The granny knot can be constructed from two identical trefoil knots, which must either be both left-handed or both right-handed. Each of the two knots is cut, and then the loose ends are joined together pairwise. The resulting connected sum is the granny knot.

It is important that the original trefoil knots be identical to each another. If mirror-image trefoil knots are used instead, the result is a square knot.

The crossing number of a granny knot is six, which is the smallest possible crossing number for a composite knot. Unlike the square knot, the granny knot is not a ribbon knot or a slice knot.
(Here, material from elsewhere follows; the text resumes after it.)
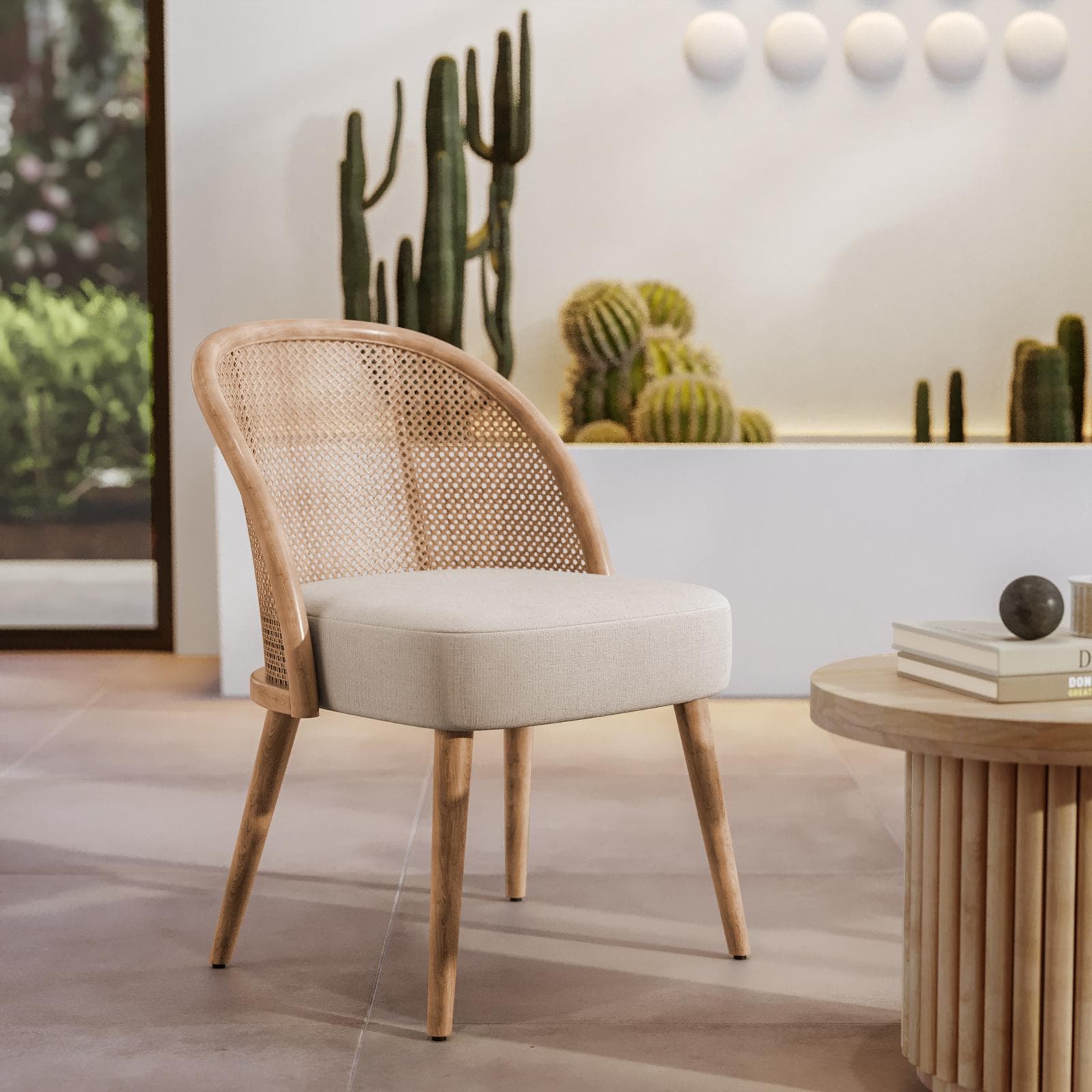 Set 2 sedie in legno con schienale in rattan e seduta in cotone e lino naturale - Nikka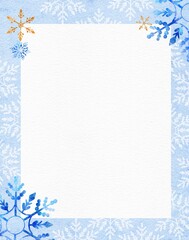 Winter Christmas frame with snowflakes. Watercolor illustration for postcard, poster, and invitation.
The Alexander polynomial of the granny knot is

${\displaystyle \Delta (t)=(t-1+t^{-1})^{2},}$ 

which is simply the square of the Alexander polynomial of a trefoil knot. Similarly, the Conway polynomial of a granny knot is

${\displaystyle \nabla (z)=(z^{2}+1)^{2}.}$ 

These two polynomials are the same as those for the square knot. However, the Jones polynomial for the (right-handed) granny knot is

${\displaystyle V(q)=(q^{-1}+q^{-3}-q^{-4})^{2}=q^{-2}+2q^{-4}-2q^{-5}+q^{-6}-2q^{-7}+q^{-8}.}$ 

This is the square of the Jones polynomial for the right-handed trefoil knot, and is different from the Jones polynomial for a square knot.

The knot group of the granny knot is given by the presentation

${\displaystyle \langle x,y,z\mid xyx=yxy,xzx=zxz\rangle .}$ ^[1]

This is isomorphic to the knot group of the square knot, and is the simplest example of two different knots with isomorphic knot groups.